▶ _EXERCISE BRIEF_
Your reply should consist of the entries, copied exactly and stripped of images.

######

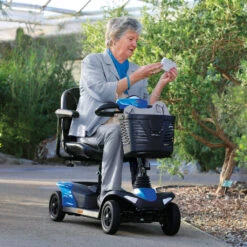 Invacare Colibri Scooter, Elektromobil 6 Km/h, Zerlegbar, Klein & Wendig, Blau 9 Invacare Colibri Scooter, Elektromobil 6 Km/h, Zerlegbar, Klein & Wendig, Blau -Coloplast Verkaufsgeschäft INV Colibri blaun19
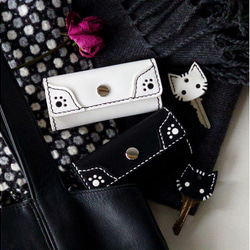 《特集掲載》【名入れ】肉球模様のペアキーケース【3色選択】＆猫(または肉球)キーカバー ※袋ラッピング無料 14枚目の画像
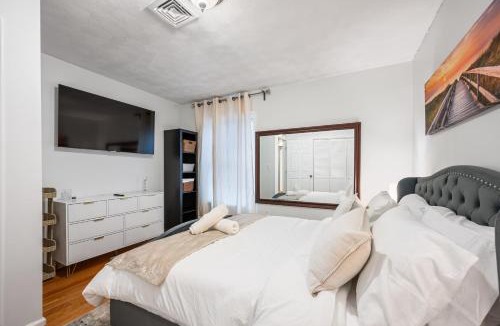 Revere Apartment | Charming Boston Retreat 3BR Parking Perfect for Families & Groups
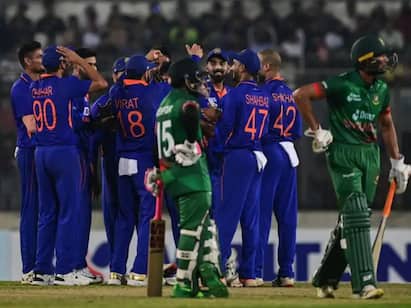 India won the 3rd ODI against Bangladesh by 227 runs IND vs BAN 3rd ODI: தோல்வியே வெற்றிக்கு முதல்படி.. தொடரை இழந்தாலும் வங்கதேசத்தை கடைசி போட்டியில் வறுத்தெடுத்த இந்திய அணி..!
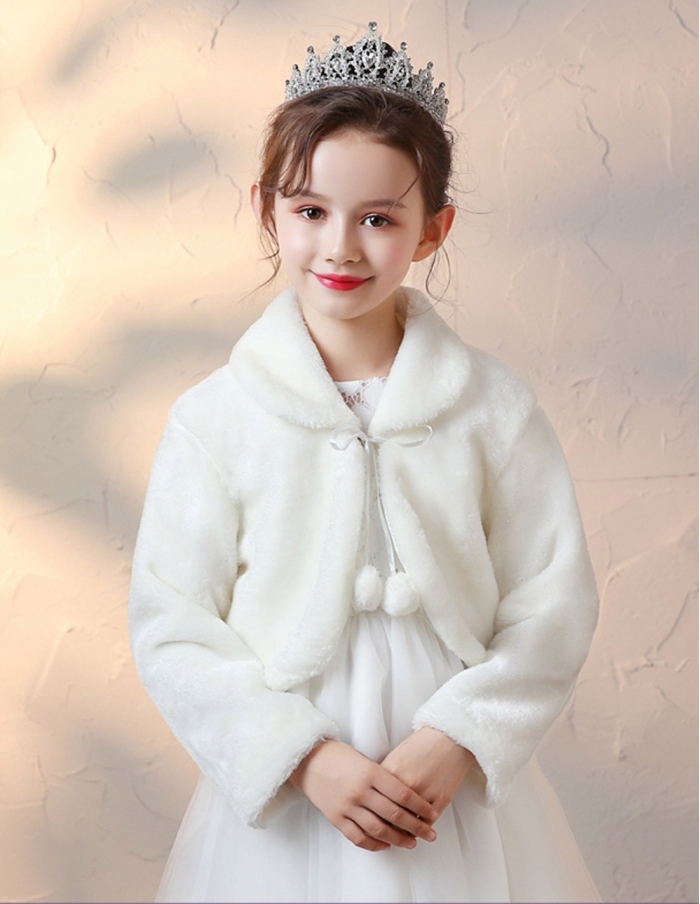 Pelliccia ecologica bianco seta invernale per bambina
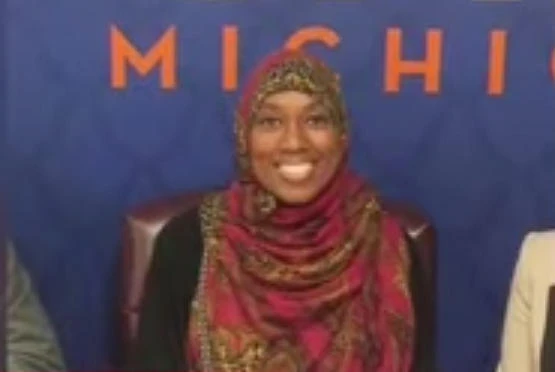 Muslim flight attendant suspended for refusing to serve alcohol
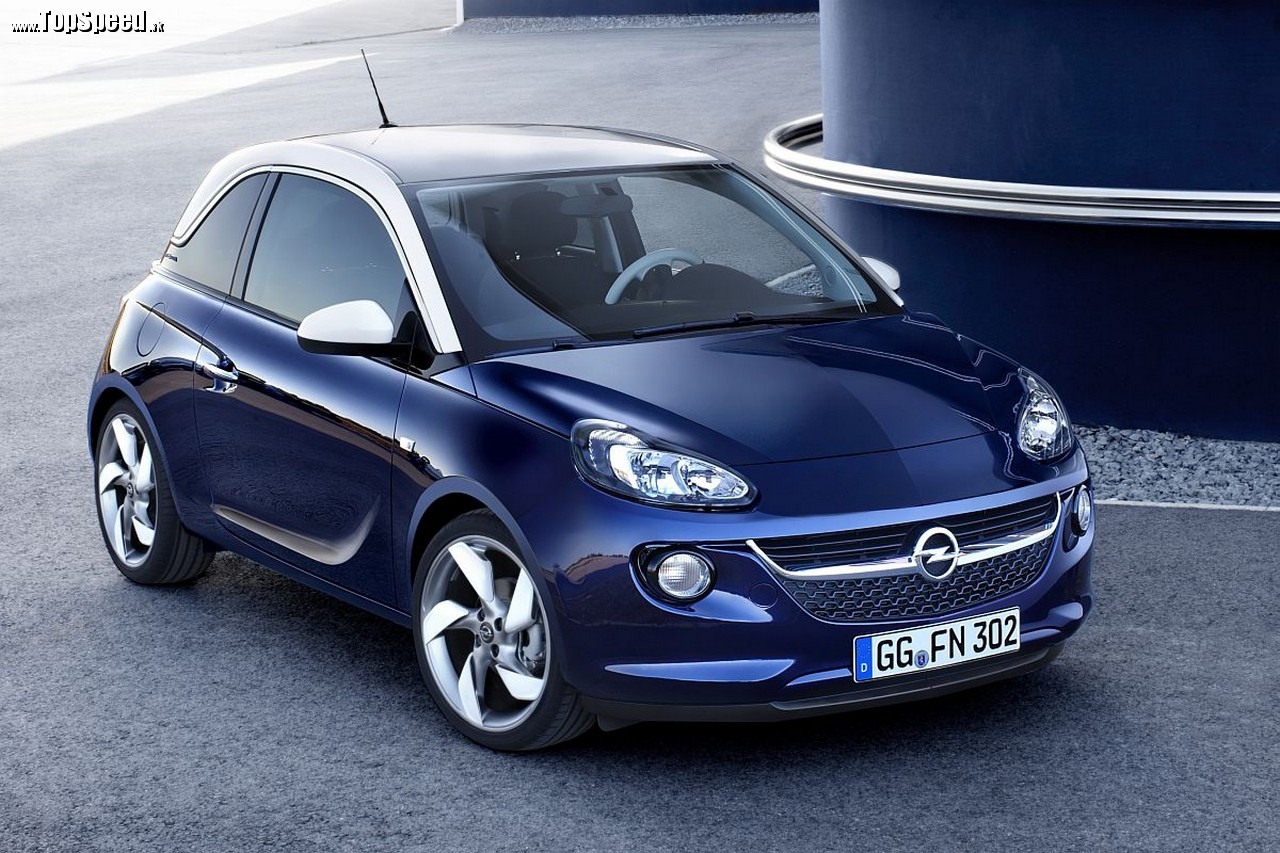 Opel Adam chce byť hlavným súperom pre Fiat 500. Ešte šťastie, že nemajú jedného majiteľa.
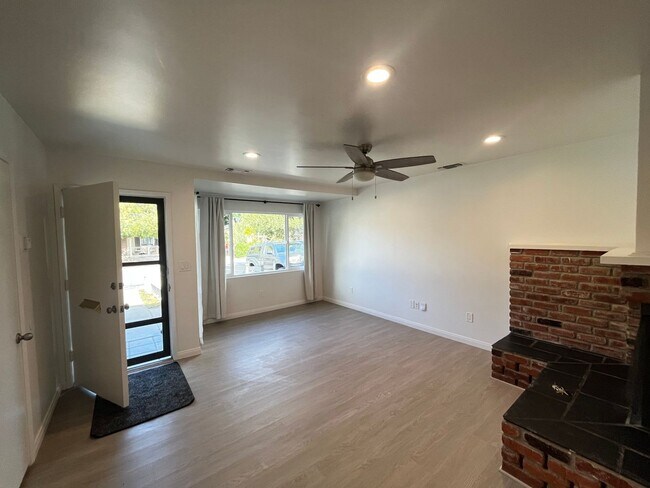 Foto del edificio - Newly Renovated Home Off Foothill Dr. Close to Cal Poly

######

▶ _FINAL ANSWER_
 Invacare Colibri Scooter, Elektromobil 6 Km/h, Zerlegbar, Klein & Wendig, Blau 9 Invacare Colibri Scooter, Elektromobil 6 Km/h, Zerlegbar, Klein & Wendig, Blau -Coloplast Verkaufsgeschäft INV Colibri blaun19
 《特集掲載》【名入れ】肉球模様のペアキーケース【3色選択】＆猫(または肉球)キーカバー ※袋ラッピング無料 14枚目の画像
 Revere Apartment | Charming Boston Retreat 3BR Parking Perfect for Families & Groups
 India won the 3rd ODI against Bangladesh by 227 runs IND vs BAN 3rd ODI: தோல்வியே வெற்றிக்கு முதல்படி.. தொடரை இழந்தாலும் வங்கதேசத்தை கடைசி போட்டியில் வறுத்தெடுத்த இந்திய அணி..!
 Pelliccia ecologica bianco seta invernale per bambina
 Muslim flight attendant suspended for refusing to serve alcohol
 Opel Adam chce byť hlavným súperom pre Fiat 500. Ešte šťastie, že nemajú jedného majiteľa.
 Foto del edificio - Newly Renovated Home Off Foothill Dr. Close to Cal Poly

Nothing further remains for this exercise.